Des plus lointains souvenirs cinématographiques vers lesquels Bliss tend à emprunter certaines idées, on pourrait presque évoquer Color Me Blood Red de Herschell Gordon Lewis et son artiste utilisant le sang de ses victimes pour peindre ses toiles. Un peu plus tard, le peintre de Driller Killer d'Abel Ferrara qui en incapacité de produire une œuvre digne de ce nom et rendu fou par les répétitions incessantes d'un groupe de rock dans le même immeuble que le sien décide la nuit de dessouder des quidams à l'aide d'une perceuse. Mais s'il demeure une évidence, c'est le rapport qu'entretient Bliss avec l'univers si particulier de Gaspar Noé. Il y a en effet dans le long-métrage de Joe Begos, autant de Enter the Void, de Irreversible que de Climax. Même mise en scène vertigineuse, qui donne le tourni, sous couvert de teintes ''pop'' se dégradant au fil du récit pour ne plus devenir que rouge carmin. Si dans un premier temps Bliss se comporte comme un drame, il bifurque cependant très rapidement vers l'horreur pur avec son thème sur la drogue, de sa consommation et de ses conséquences sur l'organisme et surtout sur l'état psychique de son héroïne. De ce point de vue, Bliss nous en met plein les mirettes. La photographie de Mike Testin est absolument démente, tout comme la direction artistique de Mike Lemek... Sans temps morts, Joe Begos ne nous laisse qu'une poignée de minutes de liberté avant de nous enfoncer la tête dans des chiottes crasseuses, cuvette tachée de sang expectoré par l'héroïne, nous donnant une définition bien précise des effets secondaires en mode ''bad trip''. L'héroïne s'en trouve alors désorientée, prise d'hallucinations et victime de paranoïa.


Des phénomènes réellement observables chez certains consommateurs de drogues dures mais qui dans le cas présent prennent l'allure d'une pub virulente anti-drogues tant Joe Begos pousse le message à son paroxysme. Dora Madison est tellement habitée qu'il lui arrive même parfois d'en faire un peu trop, surtout lorsqu'elle dirige subitement la tête vers la caméra, ses cheveux collés par l'hémoglobine parvenant péniblement à s'envoler façon publicité pour les shampooing L'Oréal Professionnel. Le travail de mise en scène et de découpage est absolument remarquable. Joe Begos n'a absolument pas ménagé ses efforts. Qu'il s'agisse des mouvements de caméras, du montage, des éclairages, mais également de la bande-son ultra immersive à base de metal, de punk et de cold-wave, Bliss et son héroïne nous hurlent et nous crachent littéralement au visage.
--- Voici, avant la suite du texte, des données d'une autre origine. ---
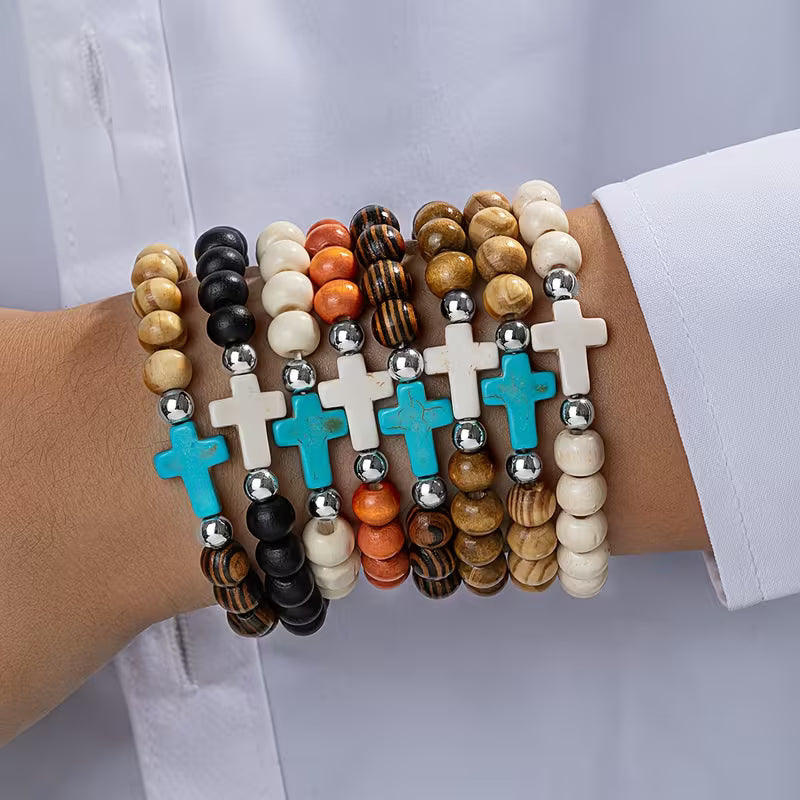 Mystery Color Wooden Bead Cross Bracelet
Déjà d'un nihilisme absolu, le film prend ensuite un virage qui cependant pourra déconcerter. Du (sur)réalisme de la première heure, ceux qui connaissent bien Abel Ferrara y dénicheront une autre référence du cinéaste américain underground. En effet, dans sa dernière phase, Bliss oblique vers une thématique chère à Kathleen Conklin, l'étudiante en philosophie du formidable The Addiction. Mais ce qui transparaissait comme une seconde peau indissociable du thème principal chez Abel Ferrara ferait presque figure de changement de ton chez Joe Begos qui en bouleversant l'unicité de son scénario semble involontairement plonger son film dans la parodie. Mais sorti de ce détail presque insignifiant au regard de l'incroyable mise en scène, de l'interprétation et du visuel, Bliss est une expérience aussi immersive qu'inconfortable. Culte!